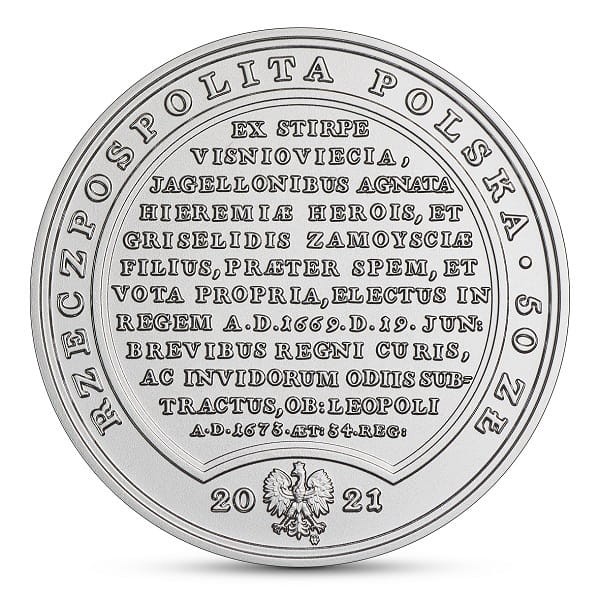 Moneta 50 zł Michał Korybut Wiśniowiecki 2021 r. awers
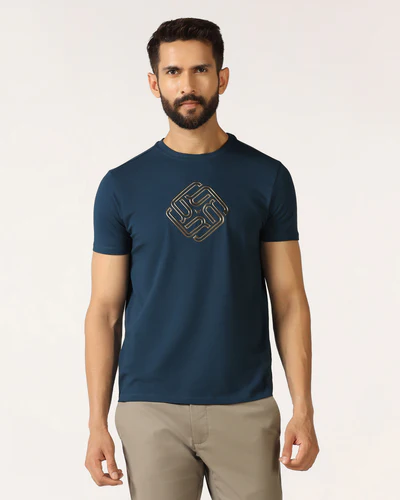 Blue_Crew_Neck_Textured_T_Shirt_Crown-ET003567B2-image1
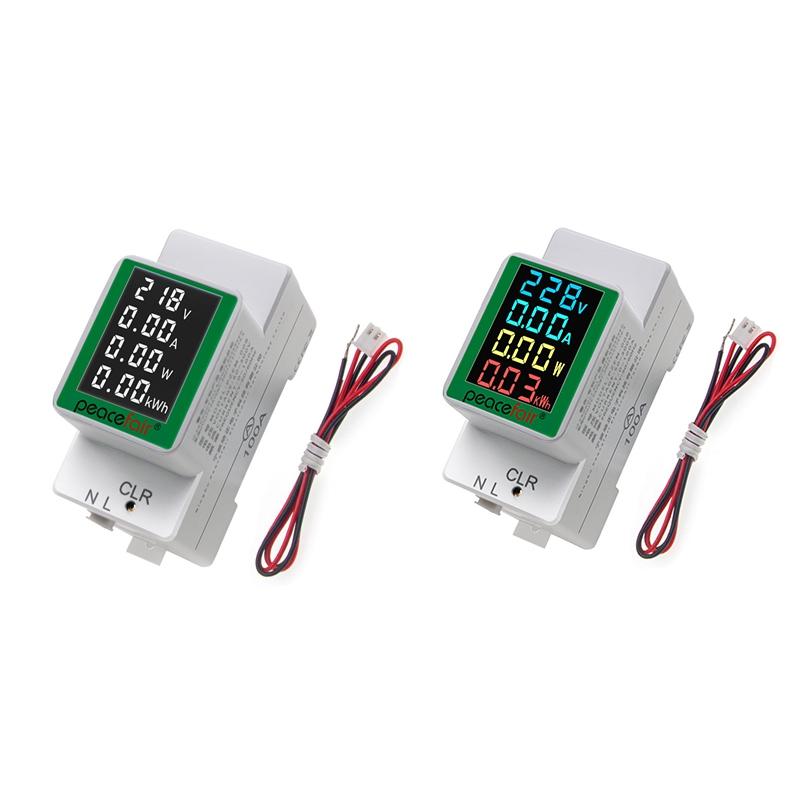 2025 New Peacefair PZEM-008 Din Rail Electricity Digital Power Energy Meter Watt Kwh Wattmeter Monitor Ammeter Voltmeter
----
• **TASK INSTRUCTIONS**: Copy exactly the lines from the line holding "Blue_Crew_Neck_Textured_T_Shirt_Crown-ET003567B2-image1" to the final line of the listing, and leave the pictures out.

• **OUTPUT**:
 Blue_Crew_Neck_Textured_T_Shirt_Crown-ET003567B2-image1
 2025 New Peacefair PZEM-008 Din Rail Electricity Digital Power Energy Meter Watt Kwh Wattmeter Monitor Ammeter Voltmeter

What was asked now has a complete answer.